Sorry: the state of reading is quite simply never as bad as people make it out to be. If it were, would there be the constant deafening roar of a million hysterical readers telling us we aren’t reading as much as we used to?
And just what sort of reading do we mean here, or wherever we’re stirring up a literary moral panic? Plenty of people who never pick up a newspaper or sprawling nonfiction book are reading acutely written political and cultural commentary online every day. If, as I suspect, fiction is what we talk about when we talk about the death of reading, then the worry is even more unfounded: don’t ever start giving a shit about how other people choose to entertain themselves. I’m not about to argue that Twilight isn’t intellectually bankrupt, but we may want to remember that back in Cervantes’ day, all contemporary fiction was considered escapist, hollow and ultimately dangerous trash by those who weren’t on the bandwagon. Don Quixote himself is an association of absurd fantasies and the feeble-mindedness that allows them to prosper.
Except, of course, the vividness of our errant knight’s hallucinations belie an intensely focused cognitive power that undercuts the notion of reader as unwitting prey.
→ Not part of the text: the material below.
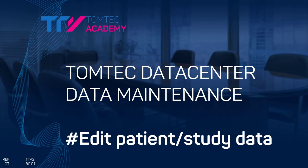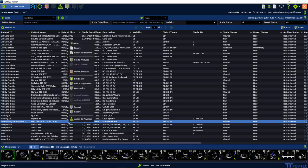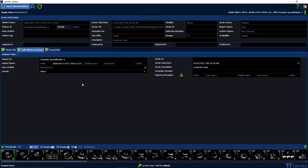How to edit patient and study data in TomTech Data Center. Select a study in the list. Press the right mouse button to launch the submenu, then choose Edit Study Patient.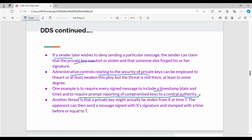It also requires prompt reporting of compromised keys to a central authority. We include a timestamp in the message, and if a key is compromised and reported, the loop of misuse can be cut. This is how administrative controls help address threats in direct digital signatures.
What self-righteous readers hate most about the latest Bad Popular Book, be it by Dan Brown or Danielle Steel, is the level of engagement its fans have with the material, their ability to fully enter a world. I think we long to experience the undeniable rapture and ecstasy of purpose evidenced by midnight book releases and awkward attempts and fan fiction. We talk about such things as though they are somehow beneath us, because we know we will never feel about Joyce and O’Connor and other Important Literature the way these devotees feel about their idols. We relish distance and resist real intimacy or fixation at all costs. And though critical detachment may allow us to mitigate some bias only important in matters of cold evaluation, it keeps us from truly losing ourselves in that rare place which is half the author’s making and half our own.